We are requesting Food Hampers funding be removed from Discretionary Benefits? WHY? Not just because of philosophical reasons, but because of efficiency or should I say inefficiency. Did you know that if all of you would come through a Food Hamper Program we would take down your information, we would check whether you were on ODSP or OW, then at the end of the month all the Hamper programs would send in their spreadsheets to the Region, and then staff would spend the bulk of their time at the Region comparing our spreadsheets to your spreadsheets to ensure the provincial funding comes through. So we might bill for 19,000 individuals, but get reimbursed for 12,000. It’s simply not an effective or efficient system. Changing this would save the Region and our programs some operating costs. Furthermore, why is funding only connected to those on OW/ODSP? When someone who is ‘working poor’ comes through our door should they not receive a hamper as well? We believe so and will assist anyone struggling with food security.

This is an idea that we have shared with David Dirks and he is in support of considering this. David and his team have done a remarkable job of working through this process and should be commended for the work they have put in on this over the last 6 months.

At this point staff recommendation stands at finding an additional $1.15M to subsidize the projected provincial amount of $2.5M based on current caseloads. This unfortunately translates to Food Hampers being cut by more than 50%, funded only at $380,000. We wish we could all stand here and tell you magically that we’ll continue operating this $12M system for $380,000, but it simply isn’t possible.

We have worked closely together as agencies funded by the Region. We are committed to continue strive towards a vision of a stronger system in our community. Tonight we would like to propose three funding scenarios:

FH - Region Council 2012 (2)

$750,000 – HEALTHY: this level of funding would ensure the present level of food hampers and respond to the expected increased demands in 2013 due to the other cutbacks. This funding would allow us to continue with our vision of an even stronger, and efficient food network

$700,000 – GETTING BY: we would continue addressing needs, but would have to remove what we can offer in our food hampers e.g. diapers, formula, etc.

$650K – SURVIVAL: this would put us at survival mode with staffing reductions, reduced hours of operation, and reduction in client access to services.

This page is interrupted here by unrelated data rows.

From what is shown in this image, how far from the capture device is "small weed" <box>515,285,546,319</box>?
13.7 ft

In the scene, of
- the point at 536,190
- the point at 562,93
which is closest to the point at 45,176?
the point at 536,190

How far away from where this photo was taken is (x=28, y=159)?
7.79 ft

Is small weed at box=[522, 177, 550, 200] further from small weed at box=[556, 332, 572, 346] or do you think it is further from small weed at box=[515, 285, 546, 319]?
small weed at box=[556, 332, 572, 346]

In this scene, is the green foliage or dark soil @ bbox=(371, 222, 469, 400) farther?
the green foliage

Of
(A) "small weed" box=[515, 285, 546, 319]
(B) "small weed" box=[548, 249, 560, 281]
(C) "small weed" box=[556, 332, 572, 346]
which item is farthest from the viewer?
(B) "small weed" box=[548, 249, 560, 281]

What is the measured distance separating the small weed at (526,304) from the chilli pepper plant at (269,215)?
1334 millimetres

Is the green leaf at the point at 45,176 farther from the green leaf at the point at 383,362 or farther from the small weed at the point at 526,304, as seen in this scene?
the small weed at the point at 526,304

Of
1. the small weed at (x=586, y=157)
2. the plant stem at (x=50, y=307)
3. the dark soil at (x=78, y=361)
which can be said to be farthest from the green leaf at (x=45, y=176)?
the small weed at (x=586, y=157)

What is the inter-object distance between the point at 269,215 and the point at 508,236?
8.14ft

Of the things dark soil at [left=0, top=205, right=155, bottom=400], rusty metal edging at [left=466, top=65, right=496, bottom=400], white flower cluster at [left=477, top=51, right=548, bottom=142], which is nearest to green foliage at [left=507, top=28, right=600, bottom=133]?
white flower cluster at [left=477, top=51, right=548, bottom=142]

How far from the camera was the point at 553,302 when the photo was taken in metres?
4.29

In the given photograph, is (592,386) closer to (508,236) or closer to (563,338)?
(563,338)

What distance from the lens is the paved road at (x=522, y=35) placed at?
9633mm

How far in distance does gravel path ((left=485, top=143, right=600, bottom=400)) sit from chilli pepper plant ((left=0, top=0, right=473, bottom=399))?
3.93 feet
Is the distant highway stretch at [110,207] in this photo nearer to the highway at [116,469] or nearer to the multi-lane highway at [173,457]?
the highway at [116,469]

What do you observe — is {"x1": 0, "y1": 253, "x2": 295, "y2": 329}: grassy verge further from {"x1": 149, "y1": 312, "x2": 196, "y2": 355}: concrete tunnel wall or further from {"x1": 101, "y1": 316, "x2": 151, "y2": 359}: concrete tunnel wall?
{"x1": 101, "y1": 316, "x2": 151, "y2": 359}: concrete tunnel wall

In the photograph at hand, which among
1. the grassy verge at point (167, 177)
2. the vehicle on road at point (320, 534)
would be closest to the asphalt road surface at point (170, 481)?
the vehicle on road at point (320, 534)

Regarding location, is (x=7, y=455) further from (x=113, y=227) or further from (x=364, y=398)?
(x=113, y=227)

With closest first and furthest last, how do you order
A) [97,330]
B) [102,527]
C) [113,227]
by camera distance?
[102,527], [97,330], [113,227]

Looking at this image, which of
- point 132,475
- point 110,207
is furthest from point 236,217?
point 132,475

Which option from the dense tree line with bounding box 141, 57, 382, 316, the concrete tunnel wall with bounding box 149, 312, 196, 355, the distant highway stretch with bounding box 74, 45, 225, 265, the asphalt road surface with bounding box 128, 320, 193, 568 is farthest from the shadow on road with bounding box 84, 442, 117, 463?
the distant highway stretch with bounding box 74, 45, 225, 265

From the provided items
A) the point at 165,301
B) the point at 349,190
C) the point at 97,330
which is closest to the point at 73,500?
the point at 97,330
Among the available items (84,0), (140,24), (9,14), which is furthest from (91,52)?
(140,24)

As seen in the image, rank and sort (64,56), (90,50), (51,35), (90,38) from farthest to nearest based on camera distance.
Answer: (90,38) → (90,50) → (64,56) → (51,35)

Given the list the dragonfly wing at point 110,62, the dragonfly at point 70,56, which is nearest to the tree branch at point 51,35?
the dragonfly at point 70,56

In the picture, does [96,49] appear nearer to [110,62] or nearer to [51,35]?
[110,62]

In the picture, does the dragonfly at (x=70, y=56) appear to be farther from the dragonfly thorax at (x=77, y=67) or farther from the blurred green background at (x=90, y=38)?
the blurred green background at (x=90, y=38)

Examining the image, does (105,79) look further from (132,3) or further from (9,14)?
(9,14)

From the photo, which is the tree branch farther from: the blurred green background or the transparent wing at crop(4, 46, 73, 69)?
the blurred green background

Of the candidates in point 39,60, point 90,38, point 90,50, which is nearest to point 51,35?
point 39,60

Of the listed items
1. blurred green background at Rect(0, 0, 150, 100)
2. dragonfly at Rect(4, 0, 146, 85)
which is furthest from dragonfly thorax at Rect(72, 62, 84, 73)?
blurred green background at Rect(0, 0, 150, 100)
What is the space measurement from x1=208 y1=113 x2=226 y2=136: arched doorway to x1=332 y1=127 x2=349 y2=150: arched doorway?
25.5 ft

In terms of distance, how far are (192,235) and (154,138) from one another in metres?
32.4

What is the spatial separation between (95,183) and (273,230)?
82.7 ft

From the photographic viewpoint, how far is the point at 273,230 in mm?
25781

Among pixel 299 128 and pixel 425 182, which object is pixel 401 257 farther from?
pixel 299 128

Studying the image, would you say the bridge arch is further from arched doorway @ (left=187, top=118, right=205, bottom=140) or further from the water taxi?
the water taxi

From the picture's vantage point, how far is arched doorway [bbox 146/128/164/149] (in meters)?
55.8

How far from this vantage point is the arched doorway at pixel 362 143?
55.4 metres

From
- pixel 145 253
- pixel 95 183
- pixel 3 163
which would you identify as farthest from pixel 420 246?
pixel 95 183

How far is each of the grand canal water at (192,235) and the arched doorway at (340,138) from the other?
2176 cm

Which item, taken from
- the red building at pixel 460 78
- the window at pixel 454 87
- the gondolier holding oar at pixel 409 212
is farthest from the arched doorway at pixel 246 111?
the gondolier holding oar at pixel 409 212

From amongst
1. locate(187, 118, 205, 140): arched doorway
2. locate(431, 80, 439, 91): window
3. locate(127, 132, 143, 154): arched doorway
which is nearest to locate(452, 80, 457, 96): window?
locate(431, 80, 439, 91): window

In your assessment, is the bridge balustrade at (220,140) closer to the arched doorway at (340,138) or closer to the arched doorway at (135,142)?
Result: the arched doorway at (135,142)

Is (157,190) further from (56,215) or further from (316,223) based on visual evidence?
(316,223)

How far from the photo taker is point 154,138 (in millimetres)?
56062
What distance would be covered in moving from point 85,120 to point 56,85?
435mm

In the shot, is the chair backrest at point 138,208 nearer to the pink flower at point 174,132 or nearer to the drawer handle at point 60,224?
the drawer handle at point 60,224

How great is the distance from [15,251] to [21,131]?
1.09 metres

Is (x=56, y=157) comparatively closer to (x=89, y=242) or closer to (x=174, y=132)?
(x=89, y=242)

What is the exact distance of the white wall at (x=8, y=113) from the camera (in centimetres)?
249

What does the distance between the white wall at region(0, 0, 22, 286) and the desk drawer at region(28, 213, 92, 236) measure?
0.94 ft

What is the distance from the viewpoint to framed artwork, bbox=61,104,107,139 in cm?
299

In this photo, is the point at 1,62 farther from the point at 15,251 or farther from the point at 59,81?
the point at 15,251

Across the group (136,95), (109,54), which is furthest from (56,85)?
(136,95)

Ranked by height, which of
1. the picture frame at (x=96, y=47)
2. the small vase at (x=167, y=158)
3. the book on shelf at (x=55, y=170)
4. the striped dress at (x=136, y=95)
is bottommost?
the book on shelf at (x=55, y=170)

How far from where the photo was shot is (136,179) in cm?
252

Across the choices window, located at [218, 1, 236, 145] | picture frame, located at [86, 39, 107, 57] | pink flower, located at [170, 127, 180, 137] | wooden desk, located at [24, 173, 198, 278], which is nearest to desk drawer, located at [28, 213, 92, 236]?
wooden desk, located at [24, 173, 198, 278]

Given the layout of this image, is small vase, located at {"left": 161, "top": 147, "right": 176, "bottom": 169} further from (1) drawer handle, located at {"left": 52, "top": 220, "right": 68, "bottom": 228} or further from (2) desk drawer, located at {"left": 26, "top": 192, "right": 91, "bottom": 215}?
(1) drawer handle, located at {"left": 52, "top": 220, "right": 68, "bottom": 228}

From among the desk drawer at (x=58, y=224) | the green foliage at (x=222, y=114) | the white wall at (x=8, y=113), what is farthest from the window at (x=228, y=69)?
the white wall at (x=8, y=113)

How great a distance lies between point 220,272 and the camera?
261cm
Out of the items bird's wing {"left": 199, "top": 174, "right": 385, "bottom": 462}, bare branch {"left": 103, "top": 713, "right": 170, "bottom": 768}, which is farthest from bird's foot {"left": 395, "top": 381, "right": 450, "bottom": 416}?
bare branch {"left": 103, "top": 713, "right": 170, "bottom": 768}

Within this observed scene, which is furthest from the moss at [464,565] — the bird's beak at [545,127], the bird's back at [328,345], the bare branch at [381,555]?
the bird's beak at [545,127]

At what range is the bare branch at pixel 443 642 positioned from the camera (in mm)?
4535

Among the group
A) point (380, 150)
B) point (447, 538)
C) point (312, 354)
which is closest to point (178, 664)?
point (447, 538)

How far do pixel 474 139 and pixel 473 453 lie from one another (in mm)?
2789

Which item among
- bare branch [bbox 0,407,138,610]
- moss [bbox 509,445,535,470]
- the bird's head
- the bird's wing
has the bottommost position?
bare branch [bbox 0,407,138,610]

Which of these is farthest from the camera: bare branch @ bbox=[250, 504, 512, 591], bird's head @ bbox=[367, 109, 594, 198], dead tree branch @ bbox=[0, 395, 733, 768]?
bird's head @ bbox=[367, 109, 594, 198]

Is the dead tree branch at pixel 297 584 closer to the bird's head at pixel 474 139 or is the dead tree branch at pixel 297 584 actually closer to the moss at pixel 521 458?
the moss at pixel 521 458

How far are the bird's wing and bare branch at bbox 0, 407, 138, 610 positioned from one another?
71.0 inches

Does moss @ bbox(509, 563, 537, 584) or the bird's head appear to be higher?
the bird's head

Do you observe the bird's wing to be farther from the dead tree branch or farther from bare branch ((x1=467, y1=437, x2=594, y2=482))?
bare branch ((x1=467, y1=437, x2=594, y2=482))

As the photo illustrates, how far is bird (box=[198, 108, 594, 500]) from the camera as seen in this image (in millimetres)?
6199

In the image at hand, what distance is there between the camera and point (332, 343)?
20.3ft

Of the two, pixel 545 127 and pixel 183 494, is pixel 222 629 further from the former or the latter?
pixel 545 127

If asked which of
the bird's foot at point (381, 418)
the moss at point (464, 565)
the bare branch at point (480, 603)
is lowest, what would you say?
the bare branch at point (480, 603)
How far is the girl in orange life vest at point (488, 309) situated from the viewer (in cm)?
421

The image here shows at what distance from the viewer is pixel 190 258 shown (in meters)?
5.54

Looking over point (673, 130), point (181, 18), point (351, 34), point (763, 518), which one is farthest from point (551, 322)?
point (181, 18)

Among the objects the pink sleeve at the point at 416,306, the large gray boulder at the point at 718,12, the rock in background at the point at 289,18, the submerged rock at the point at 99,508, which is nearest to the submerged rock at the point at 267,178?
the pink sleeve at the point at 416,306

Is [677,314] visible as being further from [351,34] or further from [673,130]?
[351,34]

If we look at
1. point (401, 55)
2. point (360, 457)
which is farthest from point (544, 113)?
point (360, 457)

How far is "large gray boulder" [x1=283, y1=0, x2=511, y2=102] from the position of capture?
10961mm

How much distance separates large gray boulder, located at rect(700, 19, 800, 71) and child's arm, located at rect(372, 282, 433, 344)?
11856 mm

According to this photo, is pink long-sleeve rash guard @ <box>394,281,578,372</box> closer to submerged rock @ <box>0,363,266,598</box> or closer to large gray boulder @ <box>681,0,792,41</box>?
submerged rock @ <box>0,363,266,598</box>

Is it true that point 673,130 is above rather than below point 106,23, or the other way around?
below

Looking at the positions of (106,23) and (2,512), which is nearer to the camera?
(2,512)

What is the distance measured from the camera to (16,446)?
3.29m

Obviously, the first scenario is our preference as it represents the best possible health outcomes for our community. The second scenario is one that’s a scenario where, make no mistake, we are starting to cut services and that will have an impact on health for individuals, families, and communities. And at $650,000, we are in survival mode, where we are doing bare minimum and helping people only sustain themselves, and are jeopardizing the health of the community.

We have difficult choices ahead. However given our legacy of innovation, consultation, and collaboration in this region, we are confident that we can overcome these challenges by continuing to improve the model, some of which I’ve touched on this evening. This takes time. There are many uncertainties such us the unknown impact of the cutting of the Community Start-Up and Maintenance Benefit (CSUMB), January 1st.

Allow us this year to maintain the health of people in this region as we move forward. Let 2013 be the year of innovation, not cuts, and commit to moving forward to a stronger model while maintaining the health of our community.

In closing I want to paraphrase a quote from Martin Luther King Jr.

“We have the audacity to believe that people in Waterloo Region can have three meals a day for their bodies, education and culture for their minds and dignity, equality and freedom for their spirits.”